Auto interior supplier Johnson Controls Inc. has spent years improving its multimaterial, multicolor capabilities in injection molding, offering up its process to carmakers as a way to change the look of a vehicle at minimal costs.
With its Ikanos concept interior, though, it is giving that technology - all centered under JCI's ``CrafTec'' process name - a spin designers will understand.
``There are a whole lot of possibilities within CrafTec that we can show customers,'' said Brian Dexter, industry design manager with JCI's Plymouth, Mich., auto group. ``Here we can bring in a designer and show them the benefits in a design setting. You can begin to look at this as a design enabler.''
Engineers understand multishot injection molding, he said. Buyers understand the price benefits compared with processes requiring added manufacturing steps.

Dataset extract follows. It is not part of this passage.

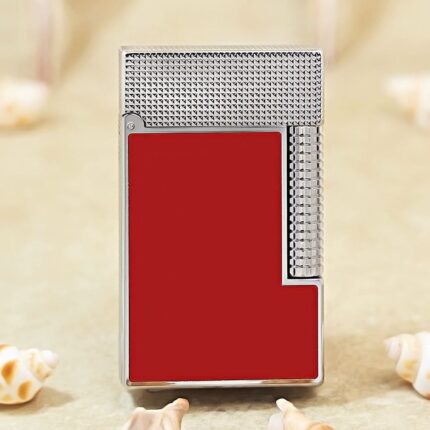 Karl Wieden KW-T0233A red lacquer silver-tone petrol lighter front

The Ikanos concept, which debuted Jan. 9 at the North American International Auto Show in Detroit, highlights how a designer can offset a handle through a change in color, he said. A concept center console produced using JCI's Multi-Color Injection - or MIC - molding method marks the switch between the front row of seats and second row, without the need for additional assembly or paint.
Some of the processes under the CrafTec umbrella already are in use within JCI. The firm's partial mold behind system integrates a skin over the injection molded substrate, while partial foam-in-place adds the ability to include foam padding between substrate and skin for a more upscale feel, without requiring secondary manufacturing processes.
The firm's multicolor process will go into door panels on five new vehicles launching production this year.
At the same time, Ikanos also takes in new proposals that JCI still is developing. A concept ``perimeter overhead'' system would replace the thermoformed structural interior roof - which typically includes glass-reinforced plastics and sound-deadening acoustic barriers - with an injection molded frame circling the outer edge of the overhead area.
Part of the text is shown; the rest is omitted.